Complex systems
Patch Tuesday is turning into a monthly ritual of abuse (legitimately) directed at certain software manufacturers. What has changed over the years?
From my early days I remember a metric called Mean Time Between Failures (MTBF). It was somehow related to the number of components (resistors, capacitors, tubes/valves (at the time)). The more components, and the more of certain types, the shorter the MTBF.
It's not unreasonable to expect complex software inherently to be vulnerable to malicious students of the code. It's a learning curve. Software developed today may be less vulnerable as a result. For example, personal computers today are more reliable, as a result of better cooling, and the move to SSDs and away from mechanical hard drives. Solid-state displays outlast CRTs.
Writing new software that does what the old software did, but is less vulnerable, costs money. A corporation will make more money coming out with new applications than totally replacing what's already out there. Patches are more cost-effective. That is the bottom line.
Hardware and software have improved over time. What hasn't improved, IMO, is the level of user competence. It's a training thing. After all these years, seemingly well-educated people in jobs that otherwise require intelligence, are still clicking on phishing links!
It's well and proper to kvetch about Adobe and Microsoft, but the focal point of all security problems is the user. To use an analogy, we've built safer cars, but if the users drive recklessly and don't wear their seat belts, they're still likely to get killed in an accident. So we train people to be sensible behind the wheel, and enforce seat-belt laws. I'm not saying we need civil laws to regulate what you do at the keyboard, but there's precious little public discussion of what not to do. Ransom-ware attacks make headlines; what's rarely mentioned in the news is that if people didn't open the infected files, such attacks would fail. When a malware attack has the potential of some recent events, it seems akin to a public-health issue.

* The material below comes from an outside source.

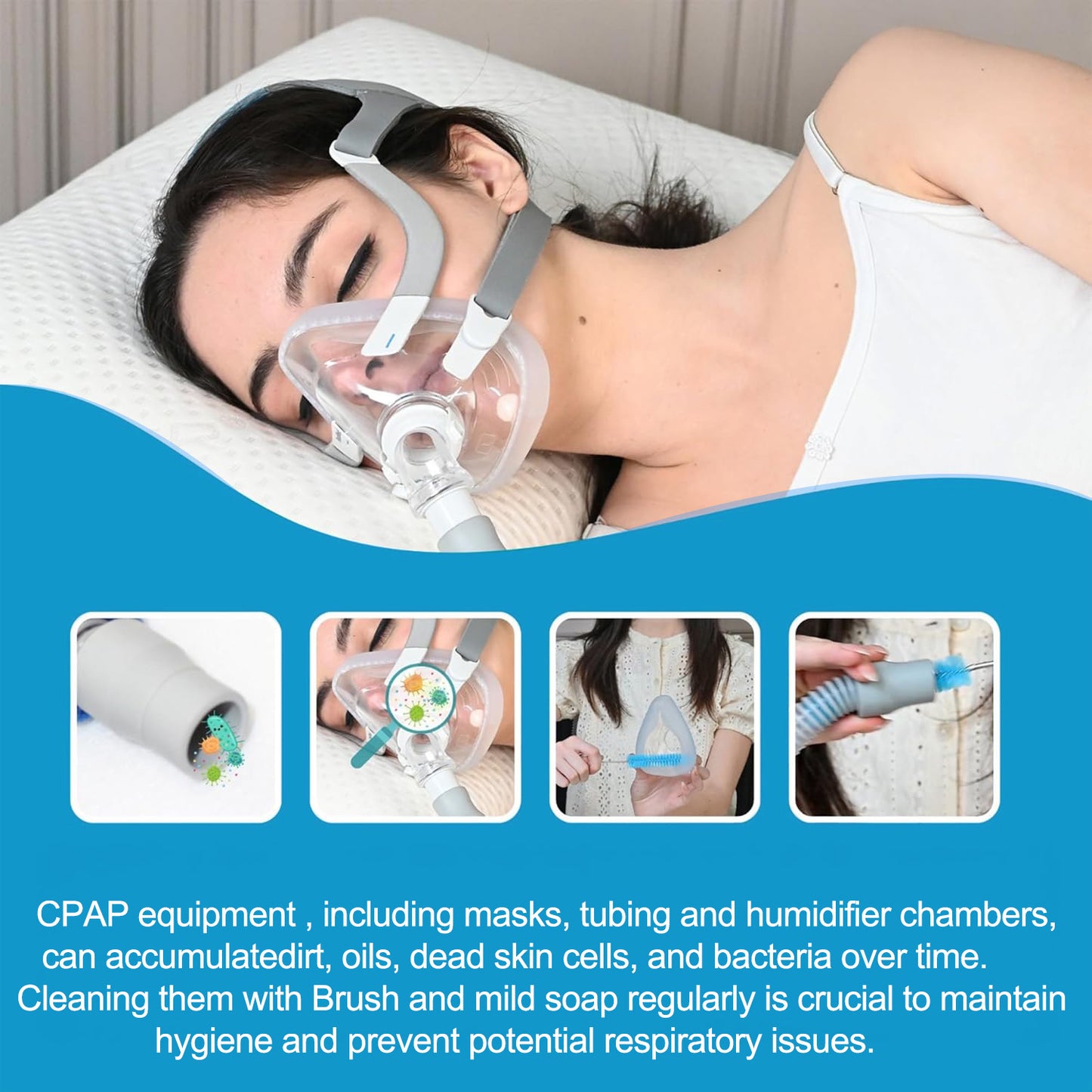 CPAP Hose Cleaning Brush Kit – Fits All Hoses & Masks, 7ft Long, 15mm/19mm Diameter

Shame on Adobe, MS and others for continuing to flog busted code. That said, we've chosen to have capitalist economies where we shouldn't expect better. We can, however, do something to mitigate the potential harm. El Reg and others dutifully report on the subject. Unfortunately, your Aunt Millie probably never reads them.
Sure, it's unfair to blame users for malware and vulnerable but popular applications. But stuff happens. Malware and vulnerable software are facts. We should complain and we should try to eliminate both. But the buck (pound, euro) stops at the user interface. That's where we're not putting enough resources, IMO.